A Guide to New Year’s Resolutions After Divorce – 3 Keys to Lasting Change

Resolutions often fade away. Here are 3 Keys to make your resolutions a true representation of your goals that last the whole year through.

By Carla Hugo

Find original article here.

Making New Year’s resolutions after divorce can be stressful. Each year as the calendar turns to January 1st, your thoughts turn to how you can be a better version of yourself. Making resolutions is a worthy effort in an attempt to make lasting change. When you are divorced, what used to be your go-to resolutions now take on a new form. In the past, you may have hoped to be a better spouse in the New Year. Maybe you wanted to lose a bit of weight or exercise more. But now that you are divorced, your intentions for the New Year are different.

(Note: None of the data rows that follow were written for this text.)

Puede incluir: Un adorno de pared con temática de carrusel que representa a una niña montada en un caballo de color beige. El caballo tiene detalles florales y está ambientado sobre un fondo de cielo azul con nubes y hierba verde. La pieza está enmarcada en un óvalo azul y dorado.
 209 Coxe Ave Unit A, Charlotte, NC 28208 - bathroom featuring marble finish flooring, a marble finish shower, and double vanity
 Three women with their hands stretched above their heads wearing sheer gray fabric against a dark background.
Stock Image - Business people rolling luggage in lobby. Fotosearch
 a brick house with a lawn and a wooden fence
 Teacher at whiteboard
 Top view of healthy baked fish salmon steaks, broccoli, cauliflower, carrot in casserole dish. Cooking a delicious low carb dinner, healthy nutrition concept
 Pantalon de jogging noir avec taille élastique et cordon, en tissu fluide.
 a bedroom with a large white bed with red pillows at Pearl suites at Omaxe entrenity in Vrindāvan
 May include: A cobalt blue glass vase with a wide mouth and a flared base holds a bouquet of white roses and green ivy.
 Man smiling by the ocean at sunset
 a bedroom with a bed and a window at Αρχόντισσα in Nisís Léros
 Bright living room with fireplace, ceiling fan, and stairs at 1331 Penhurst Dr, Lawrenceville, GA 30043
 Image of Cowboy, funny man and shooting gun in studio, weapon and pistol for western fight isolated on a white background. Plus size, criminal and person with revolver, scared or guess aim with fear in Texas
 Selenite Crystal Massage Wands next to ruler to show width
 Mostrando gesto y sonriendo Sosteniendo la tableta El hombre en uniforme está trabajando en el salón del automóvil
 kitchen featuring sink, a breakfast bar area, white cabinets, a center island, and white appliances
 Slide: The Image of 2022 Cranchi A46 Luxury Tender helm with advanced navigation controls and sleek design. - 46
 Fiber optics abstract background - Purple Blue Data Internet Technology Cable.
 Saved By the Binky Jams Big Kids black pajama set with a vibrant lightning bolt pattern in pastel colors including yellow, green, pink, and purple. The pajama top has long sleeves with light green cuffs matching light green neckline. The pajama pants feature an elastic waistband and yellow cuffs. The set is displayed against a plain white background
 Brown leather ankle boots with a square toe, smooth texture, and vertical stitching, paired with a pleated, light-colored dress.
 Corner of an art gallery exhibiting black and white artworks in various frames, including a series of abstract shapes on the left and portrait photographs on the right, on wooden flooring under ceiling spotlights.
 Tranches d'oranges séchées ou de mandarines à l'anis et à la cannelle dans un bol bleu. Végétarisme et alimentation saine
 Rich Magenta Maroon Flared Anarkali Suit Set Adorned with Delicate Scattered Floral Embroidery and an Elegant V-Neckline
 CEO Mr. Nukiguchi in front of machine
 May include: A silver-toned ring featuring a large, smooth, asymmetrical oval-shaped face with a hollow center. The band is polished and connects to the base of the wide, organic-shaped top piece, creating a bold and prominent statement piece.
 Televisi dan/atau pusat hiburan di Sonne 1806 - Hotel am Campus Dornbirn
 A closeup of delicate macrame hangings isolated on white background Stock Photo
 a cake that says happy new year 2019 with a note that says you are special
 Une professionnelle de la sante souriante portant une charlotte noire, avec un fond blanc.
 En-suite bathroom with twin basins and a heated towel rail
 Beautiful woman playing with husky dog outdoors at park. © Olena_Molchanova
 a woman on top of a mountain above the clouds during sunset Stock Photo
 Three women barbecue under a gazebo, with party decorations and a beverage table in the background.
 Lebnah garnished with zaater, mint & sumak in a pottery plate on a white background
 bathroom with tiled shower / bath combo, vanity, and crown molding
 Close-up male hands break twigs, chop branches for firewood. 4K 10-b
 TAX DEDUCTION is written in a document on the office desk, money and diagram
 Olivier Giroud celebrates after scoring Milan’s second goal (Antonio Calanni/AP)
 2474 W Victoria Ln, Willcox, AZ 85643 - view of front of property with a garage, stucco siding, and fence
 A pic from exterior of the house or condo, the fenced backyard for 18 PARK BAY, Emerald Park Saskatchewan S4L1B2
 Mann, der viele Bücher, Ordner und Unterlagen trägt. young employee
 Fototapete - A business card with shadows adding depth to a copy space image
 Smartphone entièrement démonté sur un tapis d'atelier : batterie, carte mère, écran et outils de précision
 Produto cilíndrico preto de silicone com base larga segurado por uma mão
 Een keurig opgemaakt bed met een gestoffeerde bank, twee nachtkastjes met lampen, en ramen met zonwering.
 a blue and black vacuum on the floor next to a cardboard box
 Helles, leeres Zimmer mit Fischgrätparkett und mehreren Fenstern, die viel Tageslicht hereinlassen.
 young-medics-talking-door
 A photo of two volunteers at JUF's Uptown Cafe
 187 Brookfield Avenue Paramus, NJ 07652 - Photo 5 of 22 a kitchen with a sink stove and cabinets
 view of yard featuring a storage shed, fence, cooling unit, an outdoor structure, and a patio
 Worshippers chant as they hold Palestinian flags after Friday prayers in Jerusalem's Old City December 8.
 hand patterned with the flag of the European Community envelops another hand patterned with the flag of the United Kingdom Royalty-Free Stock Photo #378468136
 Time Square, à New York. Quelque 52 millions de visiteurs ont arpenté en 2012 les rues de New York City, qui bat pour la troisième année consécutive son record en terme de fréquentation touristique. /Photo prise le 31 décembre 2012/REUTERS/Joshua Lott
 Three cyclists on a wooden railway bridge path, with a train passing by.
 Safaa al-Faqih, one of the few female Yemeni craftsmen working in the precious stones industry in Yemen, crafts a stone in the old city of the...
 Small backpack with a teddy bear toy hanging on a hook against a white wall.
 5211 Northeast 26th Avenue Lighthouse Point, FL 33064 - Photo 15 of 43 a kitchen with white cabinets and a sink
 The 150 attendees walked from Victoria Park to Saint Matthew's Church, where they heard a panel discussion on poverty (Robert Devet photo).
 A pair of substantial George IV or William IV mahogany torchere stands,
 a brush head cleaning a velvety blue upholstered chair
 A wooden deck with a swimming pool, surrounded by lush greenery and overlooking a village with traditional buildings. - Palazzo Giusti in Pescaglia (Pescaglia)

Some common New Year’s resolutions after divorce are to make new friends, parent peacefully, and create comfortable surroundings. Maybe you are ready to start dating and explore how you show up in a new romance. There are endless resolutions available to you. But before you name them, let’s take a closer look.

Estimates are that 70% of those who make New Year’s resolutions simply don’t keep them. This year, it’s time that you learn the secrets to making and keeping resolutions that support becoming a happier version of your post-divorce self. When you look at the word “resolution” you see it is a form of the word “resolve.”

As a verb, resolve means to come to a definite or earnest decision about something. But, when it takes the form of a noun, it becomes the word resolution. A resolution is a determination to follow some course of action. Let’s break down the word resolve.

How to Keep Your New Year’s Resolutions After Divorce

1. Resolve

As a certified divorce coach, I encourage my clients to not simply make a resolution, but to resolve problems with a new approach.

What would you like to experience in the New Year? When you view your goals through the lens of resolving problems, rather than making a broad determination, your resolutions become specific, actionable, and achievable. There is often a pull toward staying the same.

Staying stuck in old habits can be meeting a need that you are not consciously aware of. Before you declare your resolutions, take a look at what you are trying to solve in your life. For example, let’s say you want to be a more peaceful parent during the precious time you have with your children. A broad-brush determination would be to resolve to stop yelling at them. A way to resolve the problem of being a yeller is to discover how yelling satisfies you and what “not yelling” looks like. You need to find your “Why!”

2. Become Inspired

External resolutions are quick and easy to come by. Losing weight is the most common resolution! Rather than only focus on the outside, take a look within. When you look inside you can connect your resolution to your values. Your values are not goals.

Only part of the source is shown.